The sensing arrangement is configured to generate the requisite sensor time series data for the process, for which the sensor time series data needs to be analysed for detecting the anomalies therein. In some embodiments, the sensing arrangement comprises a plurality of sensor devices, and wherein the sensor time series data comprises sensor parameters with timestamps for each of the plurality of sensor devices (i.e., sensor trace data with time dimension). In particular, herein, the sensing arrangement may include multiple sensors, each of which may be associated with, such as mounted on, one of manufacturing tools and components in the semiconductor processing of the semiconductor manufacturing process. Each of the multiple sensors in the sensing arrangement may generate sensor data with time dimension for the corresponding manufacturing tool or component, where the sensor data is the trace data comprising logging information of process operation that does not interfere with the process itself.

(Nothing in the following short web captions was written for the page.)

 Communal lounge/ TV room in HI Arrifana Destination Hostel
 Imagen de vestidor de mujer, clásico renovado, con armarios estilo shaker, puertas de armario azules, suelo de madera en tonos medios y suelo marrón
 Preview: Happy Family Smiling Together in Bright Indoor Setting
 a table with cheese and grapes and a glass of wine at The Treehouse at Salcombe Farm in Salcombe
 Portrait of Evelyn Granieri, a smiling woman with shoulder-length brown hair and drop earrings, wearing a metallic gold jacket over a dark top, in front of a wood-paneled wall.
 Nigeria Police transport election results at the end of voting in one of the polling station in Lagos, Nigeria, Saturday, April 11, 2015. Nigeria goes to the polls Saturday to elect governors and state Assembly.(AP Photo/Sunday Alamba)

The system and the method of the present disclosure implements a neural network which is disposed in data communication with the sensing arrangement. The neural network may receive instances of sensor time series data from the sensing arrangement. In particular, the neural network may receive prior sensor time series which may be sensor time series data corresponding to a prior (sample) time period to a target time period for which the corresponding target sensor time series data needs to be analysed for detecting the anomalies therein. In one or more embodiments of the present disclosure, the neural network is an autoencoder comprising an encoder and a decoder, and wherein the encoder is trained on the training data and the decoder is implemented to re-construct the sample sensor time series data. The described autoencoder utilizing the encoder and the decoder may be contemplated by a person skilled in the art and thus has not been described in detail herein for the brevity of the present disclosure. Such autoencoder may be able to "predict" sequences that are unpredictable for forecasting models (such as AR.IMA, R.NN forecast, moving-average). Further, such autoencoder also works with short and long cycles/runs of the sensor time series data as would be required for implementation of embodiments of the present disclosure.

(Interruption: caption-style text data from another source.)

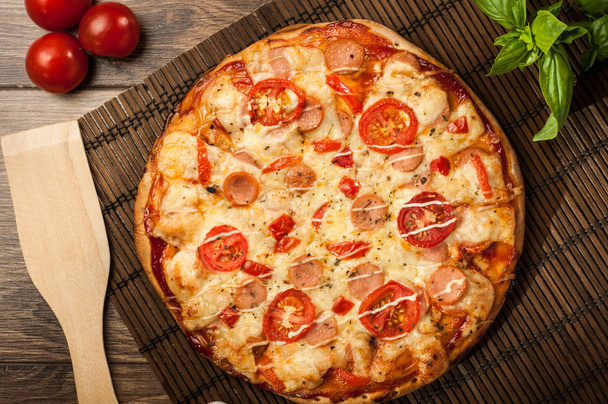 Delicious fresh pizza served on wooden table - Φωτογραφία, εικόνα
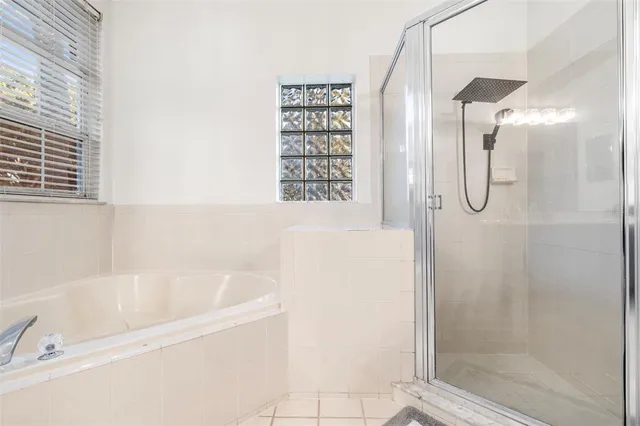 a bedroom with furniture and wooden floor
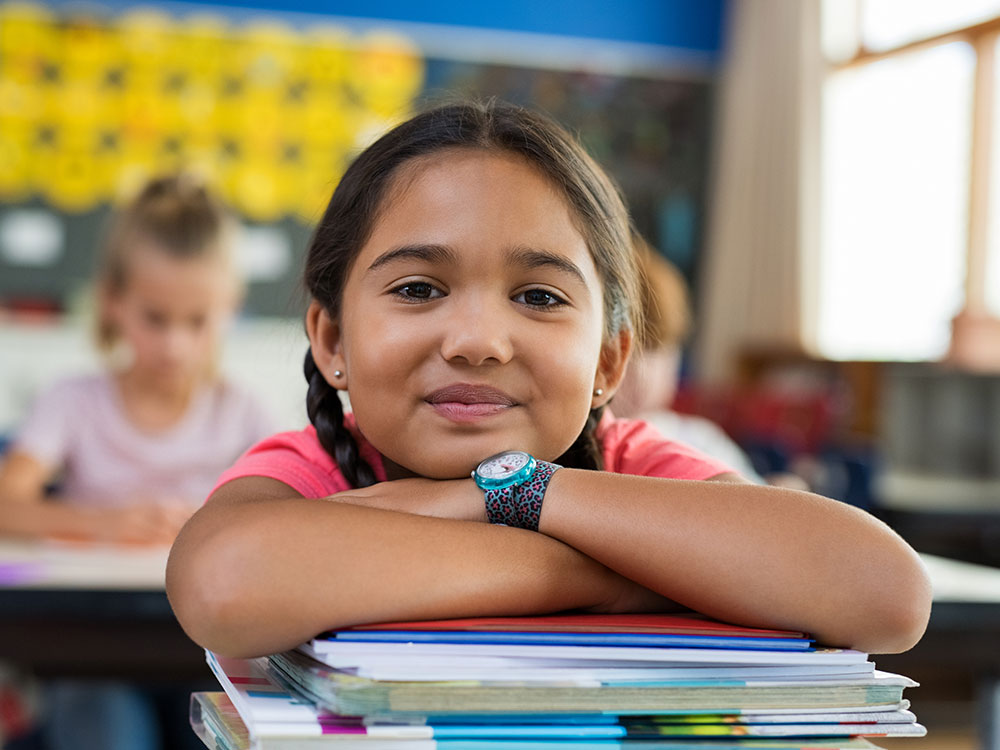 Student resting her arms on a stack of books and smiling in a classroom.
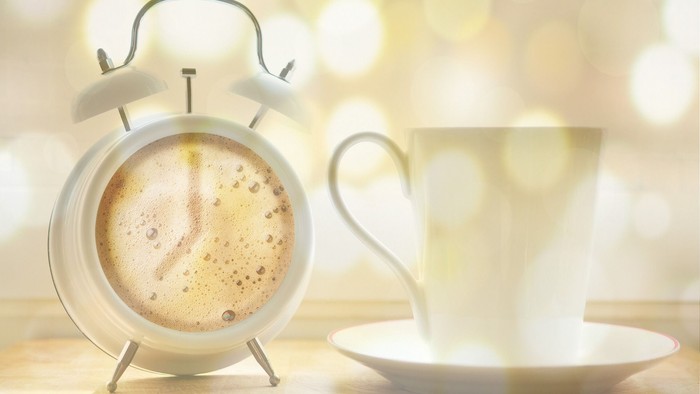 Ein Wecker und eine Tasse Kaffee auf einem Holztisch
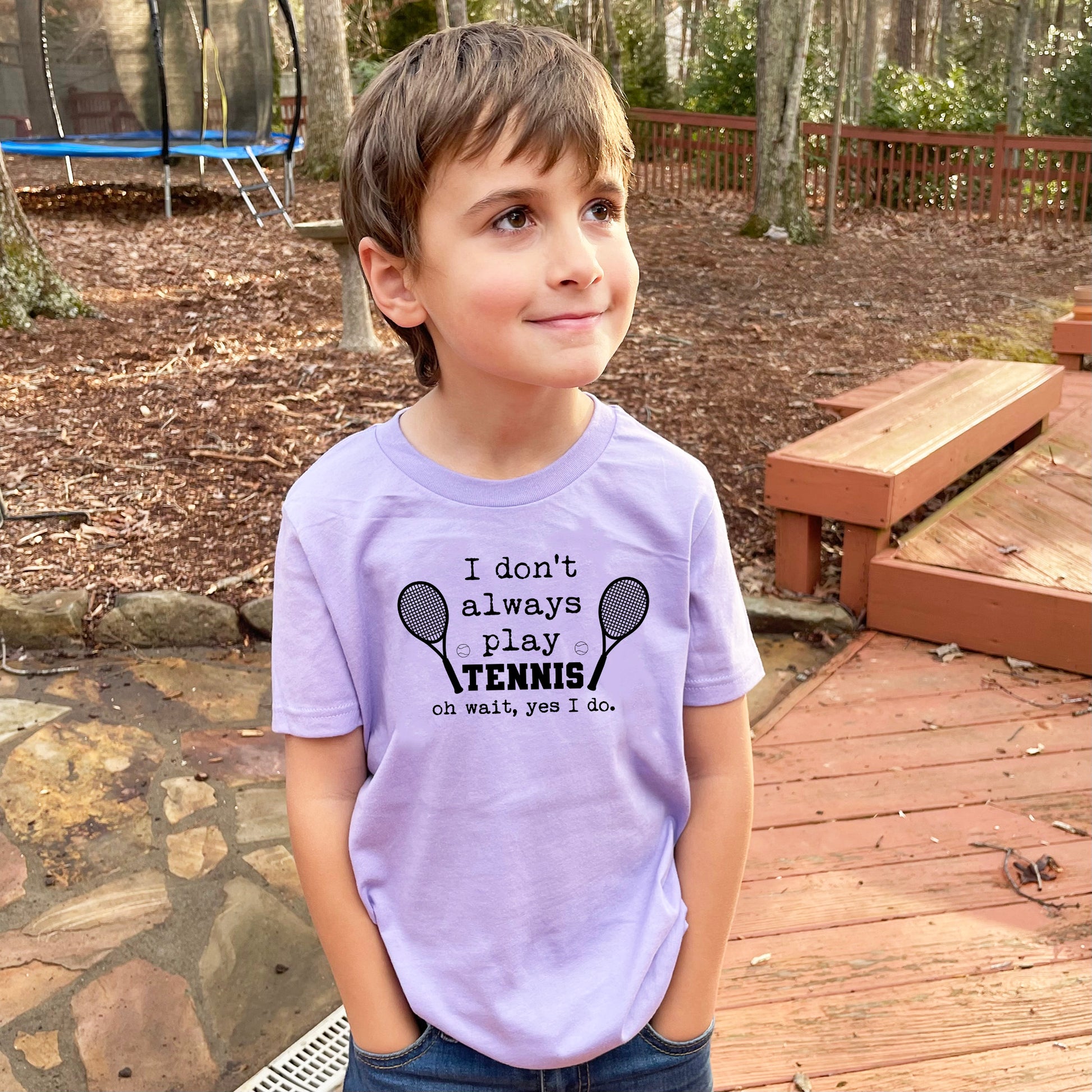 a young boy standing on a deck wearing a purple shirt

The method comprises implementing the neural network trained on training data comprising the prior sensor time series data. That is, herein, the neural network is trained on training data comprising the prior sensor time series data. According to embodiments of the present disclosure, the neural network would need to predict "normal" instances of sensor time series data for the target time period, as would be discussed later in the disclosure in detail. For this purpose, the neural network may need to be trained on sensor time series data representing normal operating conditions (NOC) for the process to be analysed. Thus, herein, the prior sensor time series data may be selected from available multiple instances of sensor time series data, as generated by the sensing arrangement, representing the normal operating conditions for the process to be analysed for detecting the anomalies therein. Herein, selecting the prior sensor time series data, from the received time-series data, may be based on characterizing a normal behaviour for the sensor trace data for at least a defined time period of the process. This may involve characterizing the normal behaviour of each time series (or portion thereof) in the time series data. In an example, the normal time series behaviour may be characterized by a relatively stationary curve, i.e., trend and volatility are almost constant, in which the stationary trend may be modelled via plurality of modelling means to define a prediction interval.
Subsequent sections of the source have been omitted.